— TASK REQUIREMENTS —
Could you transcribe exactly the lines below, from the line with "6X Artificial Flower" through the line with "Red background with", and nothing else, leaving out the pictures?

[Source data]
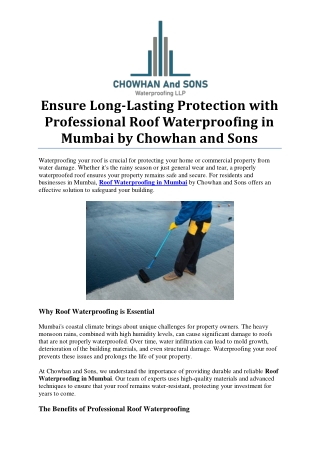 Affordable Roof Waterproofing in Mumbai: Protect Your Home from Water Damage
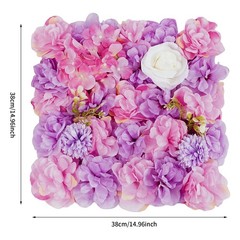 6X Artificial Flower Walls Silk Rose Hydrangea Floral Panels for Wedding 15*15in
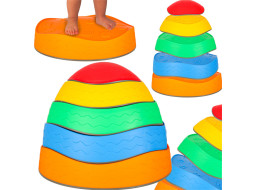 Senzorický Montessori chodník Riečne kamene pre tréning rovnováhy 5 prvkov - farebná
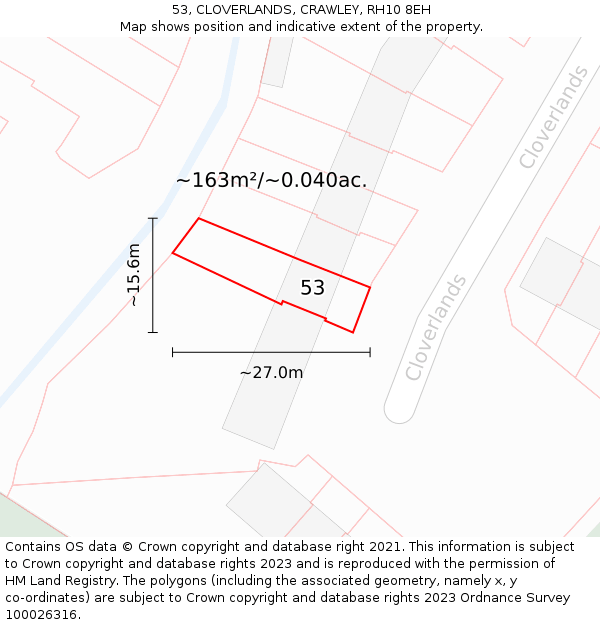 53, CLOVERLANDS, CRAWLEY, RH10 8EH: Plot and title map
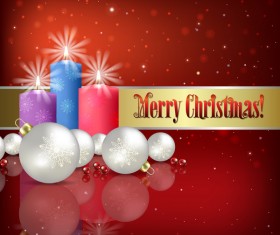 Red background with Christmas candle and decorations vector 02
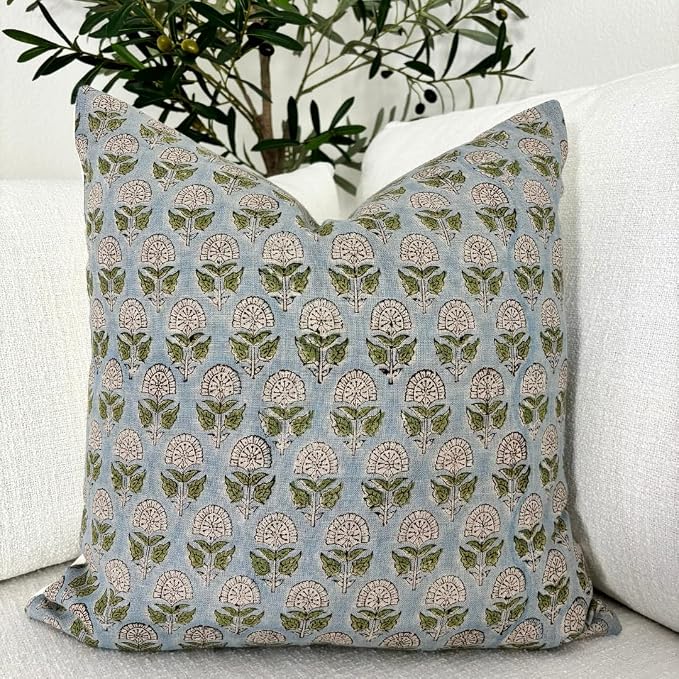 Linen Throw Pillow Covers 20x20 inch Floral Pillows Stripe Spring Decorative Pillow Covers for Living Room, Bedroom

— RESULT OF THIS TASK —
 6X Artificial Flower Walls Silk Rose Hydrangea Floral Panels for Wedding 15*15in
 Senzorický Montessori chodník Riečne kamene pre tréning rovnováhy 5 prvkov - farebná
 53, CLOVERLANDS, CRAWLEY, RH10 8EH: Plot and title map
 Red background with Christmas candle and decorations vector 02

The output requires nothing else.